*Problem statement*. Reproduce the records below exactly from their first line through the line containing "Akcesoria dla graczy", omitting all pictures.

(Short descriptive text snippets)
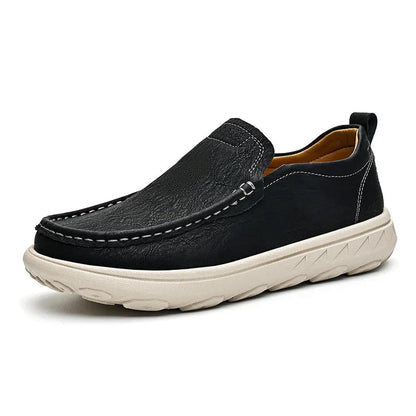 Zapatos cómodos de cuero sin cordones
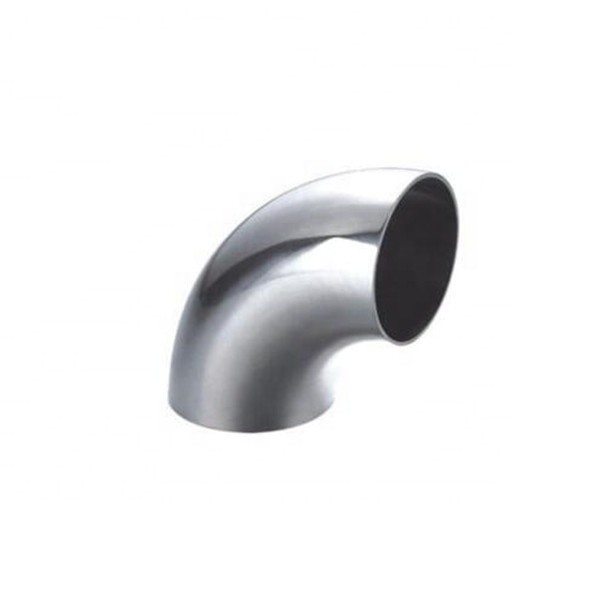 304 acciaio inossidabile 90 gradi curvatura di saldatura gomito 90 45 gradi 76 mm OD testa rotonda codice standard industriale costruzione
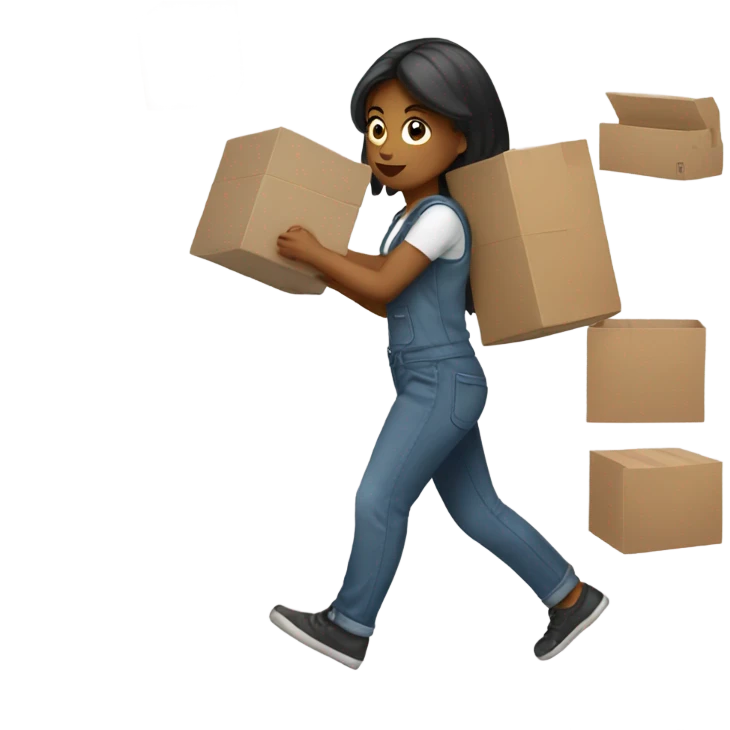 girl moving furniture  emoji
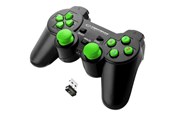 Akcesoria dla graczy - Esperanza GLADIATOR - Black/Green - Wireless Controller - PC - EGG108G
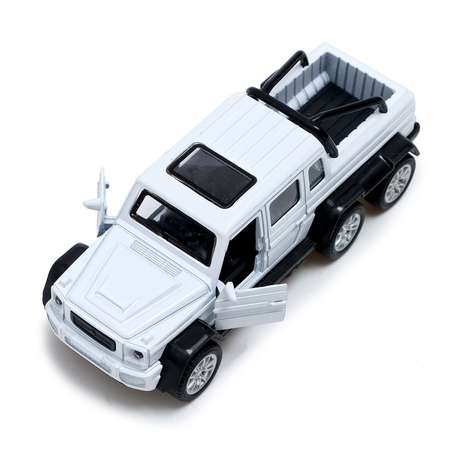 Машина Автоград металлическая «Джип 6X6» 1:32 инерция цвет белый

*Task output*.
 Zapatos cómodos de cuero sin cordones
 304 acciaio inossidabile 90 gradi curvatura di saldatura gomito 90 45 gradi 76 mm OD testa rotonda codice standard industriale costruzione
 girl moving furniture  emoji
 Akcesoria dla graczy - Esperanza GLADIATOR - Black/Green - Wireless Controller - PC - EGG108G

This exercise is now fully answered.